The Strategic CFO is more than a chief accountant who ensures compliance—they are a strategist, leader, and visionary. We recently launched a new report with ERS, The Strategic CFO: A guide for school districts. The report includes 3 mindsets and 5 core functions shared by CFOs, including a few of our alums, who help their districts change the status quo and align resources to strategy.
One example of a truly Strategic CFO is Ron Steiger (The Broad Residency 2005-2007), Chief Financial Officer of Miami-Dad County Public Schools. Read more about his role and how he approaches his work, remaining focused on students.
What inspired you to pursue your role?
My interest has always been to help solve the large public issues we face as a society. I feel the most important in the long-term is ensuring all our citizens are educated and offered an opportunity to succeed, and thus building and sustaining a strong public education system is where I choose to focus my career. As for my inspiration to be the CFO, my answer is the same as famous bank robber Willie Sutton when asked why he robbed banks…because that’s where the money is. The budget of a large urban school district like Miami-Dade is where academics, community, communications, strategy, human resources and politics all converge, connecting all those in a cohesive and positive way is a role I enjoy.
What initiative are you currently focused on?
You mean besides the usual management of a $5.4 billion and 40k employee organization? One of our top priorities from a business management side is eliminating disparity in purchasing for local small and micro African-American, Asian and Women owned vendors. To ensure sustainably strong and healthy public schools, we need strong and healthy communities. One part we play in that effort is working to make sure that our procurement practices go far beyond the legal requirements in getting these historically under-utilized companies to be an integral part in supplying our system’s goods and services. This complicated effort involves getting the entire organization working as one on everything from capacity building, to targeted marketing, to procurement procedural changes; but nothing is as important as indoctrinating the importance of the effort into the culture of the entire organization.
How does your work connect with your organization’s long-term vision?
Budget and strategy must be intrinsically linked or there is little hope of any organization’s long-term vision to come to fruition. In Miami-Dade we have spent the past decade using what we call the Values Based Budget approach, where our budget best reflects the values of our entire community, willfully cutting out all things that do not. Our long-term vision is solely focused on student achievement, and through the budget process we have prioritized only those efforts and programs which guide us towards that goal. My continuous work is to help the organization continue on that path despite the strong unrelenting pull to divert our limited resources to solve the short-term issues and distractions that pop-up on a regular basis.

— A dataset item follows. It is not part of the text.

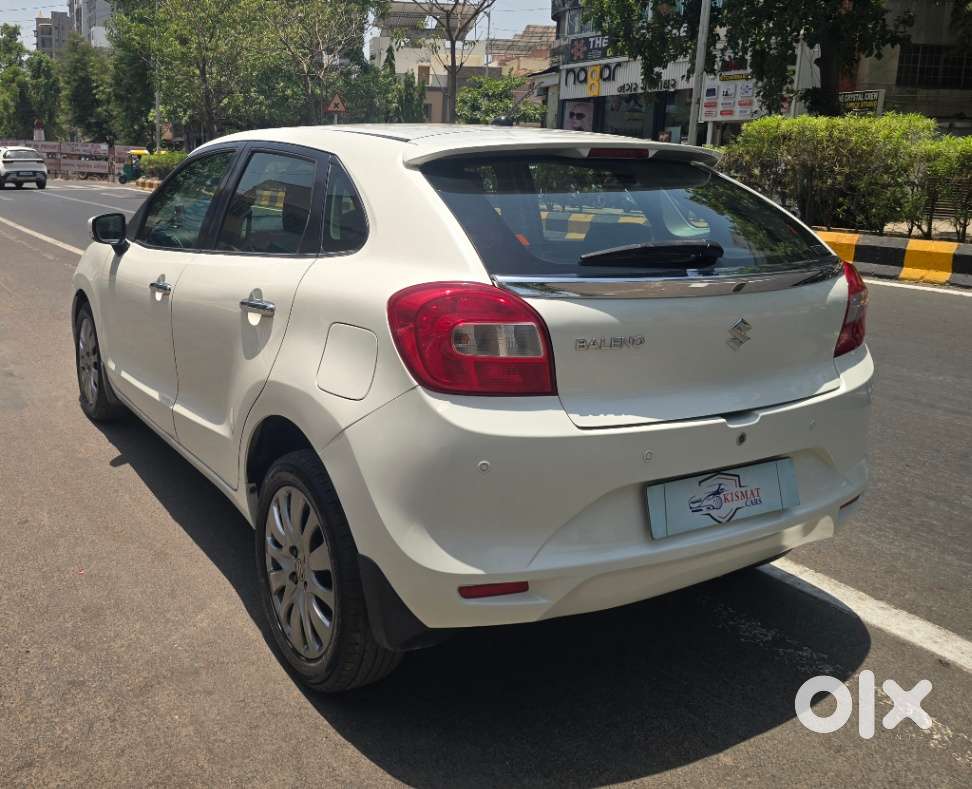 Maruti Suzuki Baleno 1.2 Cvt Zeta, 2017, Petrol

How do you incorporate stakeholders in your financial decisions and planning, both internal (e.g., school leaders) and external (e.g., community members)?

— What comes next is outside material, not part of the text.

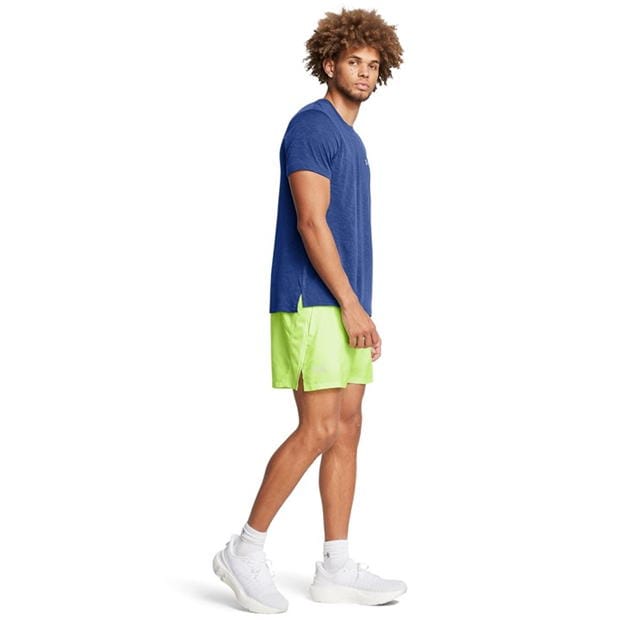Pantalon scurt Combat Under Armour Armour UA Launch Unlined 5 barbat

We have found that the annual budget process goes far smoother when the final work product isn’t just the best thinking of cabinet and Finance staff, but a reflection of all stakeholder input, especially school leaders and community members. To that end, we have separate annual committees for both principals and community members that meet on a regular basis to discuss all the financial decisions and planning issues the District is facing. This includes the process all the way from revenue assumptions to final budget recommendations that will go to the Superintendent and School Board. Additionally, we will have Board Member and community workshops and/or town hall meetings to hear additional priorities for consideration by the committees who will eventually each take their decisions to the Superintendent whose final recommendation goes to our elected School Board for approval.
How do you define success within the finance organization?
Our ultimate definition of success is no different than that of every other bureau at Miami-Dade County Public Schools: student achievement. Within Finance, each department has its own metrics upon which it is evaluated, but all together they can be summarized as having a financially healthy organization: from a strong fund balance to a finding-free audit to improved credit ratings to delivery of a world-class health plan. In 2008 our District learned the hard way that when our financial pillar is crumbling, it is near impossible to focus on teaching and learning in a successful way. When our organization is financially healthy it can deliver the results that allow our students to succeed academically, personally and civically.
What aspect of the CFO role most surprised you?
The groupies! Well at least the vast amount of public interest in all parts of the financial operation of the school district.